I'm back to two thngs I love--writing and cooking.
It takes, so an agent tells me, about 75,000 words to make an adequate mystery. I have about 50,000 so I'm two-thirds through. But I'm afraid I'm more than two-thirds through my plot. I know how it's going to work out and I can see several really good scenes in my mind's eye (at least I think they're good), but I'm afraid of untangling it too quickly and ending up with a 60,000-word manuscript. Not good. But then, just when I think, nothing else can happen, a middle-of-the-night idea comes to me. So I keep writing. I had only shown the first chapter to a couple of people but now I've sent all eleven chapters to my "mentor," the man who years ago (I don't want to think about how many!) shepherded me through graduate school and continues to be a source of wisdom, advice,and counsel. He liked the first two chapters but said it was too early to comment. He does happen to be someone who knows a lot about mysteries and has taught a university mystery course.
Meantime I have other projects--including a 5,000-word essay on how Texas impacts my writing. That's really hard, and I decided it's hard because it's writing about something intangible. Makes me realize that I don't envy ministers who preach weekly sermons on such intangibles as faith. I'm afraid of coming up short on my 5,000 words, in fact probablywill, but I have a great title, "Notes from an Outsider."
But today is the day to give thanks--I am surrounded by family, and I'm cooking--I've made cranberry, the roll dough is rising, the pumpkin tiramisu (an experiment!) is in the fridge, cheeseball is done. Colin is busily making an apple pie, though he kept me busy as first assist until seven-year-old Maddie took over the job.
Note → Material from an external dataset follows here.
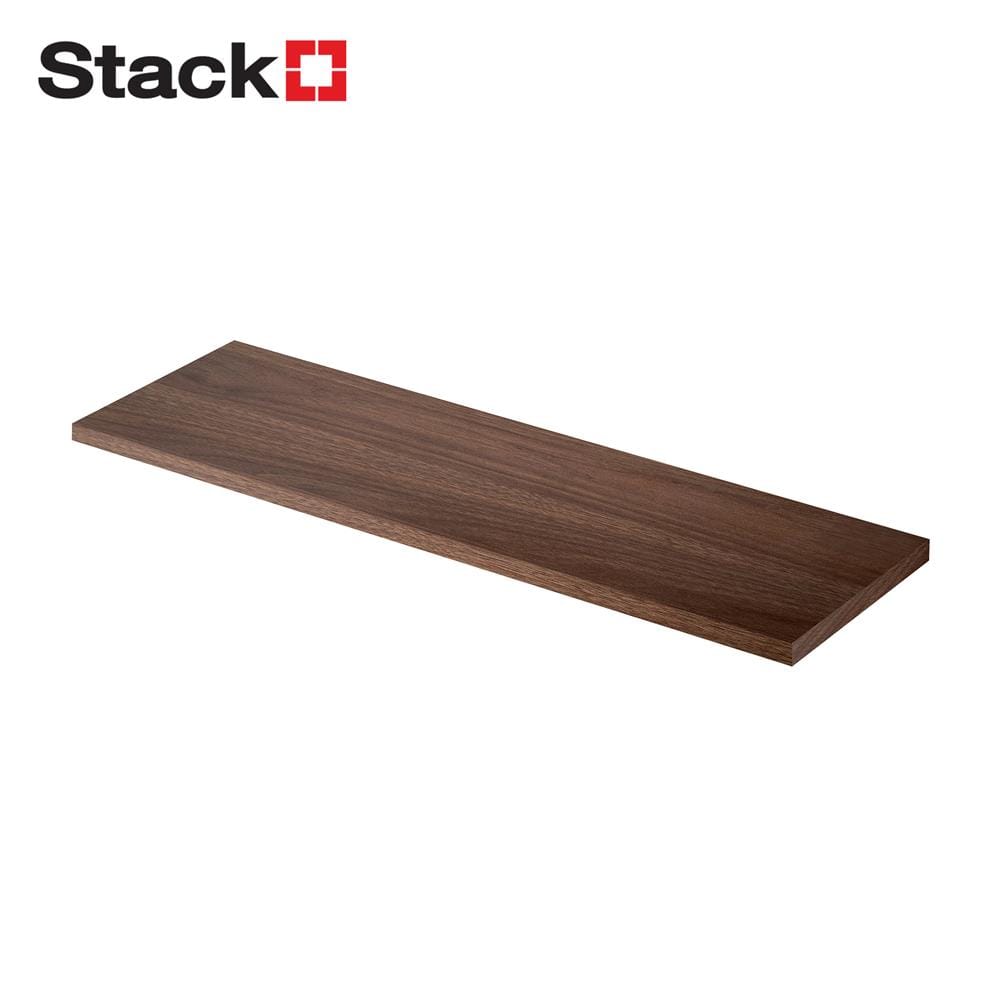 แผ่นชั้นไม้เมลามีน STACKO 120X30X1.6 ซม. โคลัมเบีย วอลนัท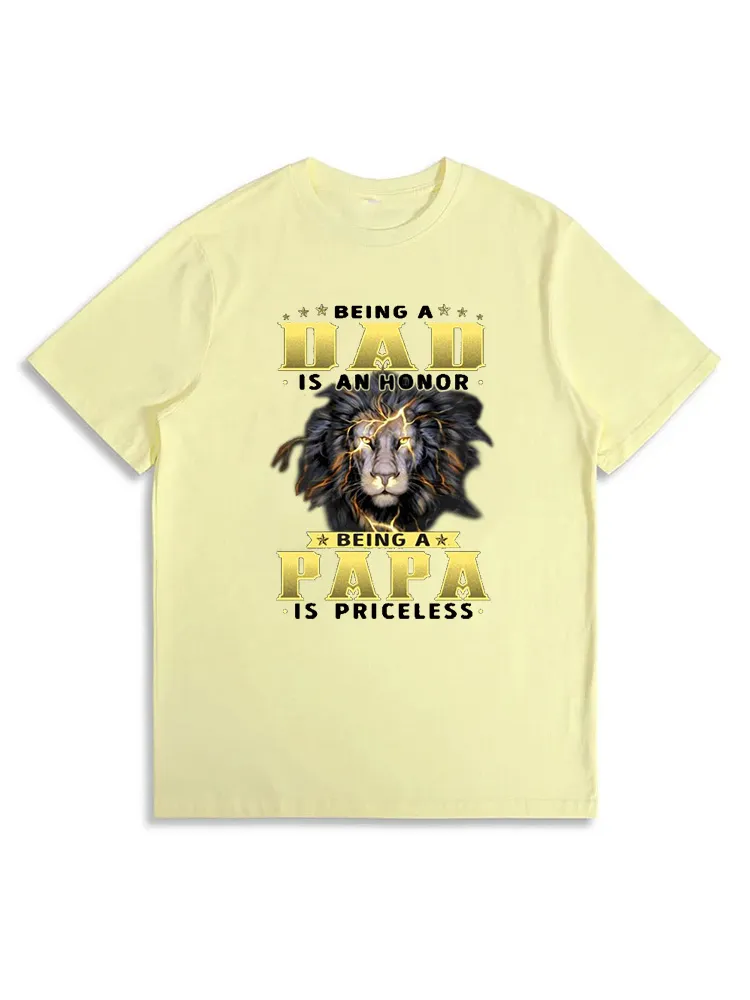 Being A Dad Is An Honor Lion T-Shirt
And I've still got to make the pesto/cream cheese appetizer and the pistachio salad that Jamie remembers from his childhood. Some of the others are turning their noses up at it, and I'm afraid this may be like the time Jamie waxed so eloquent about how much he liked gefilte fish that I got him some one Passover/Easter seaon not too many years ago. One bite, he looked at me and said, "It doesn't taste like it did when I was a kid."
Meantime, I wish for everyone a Happy Thanksgiving, surrounded by family and filled with whatever good food you particularly love. For us, always traditional, it will be turkey and green bean casserole.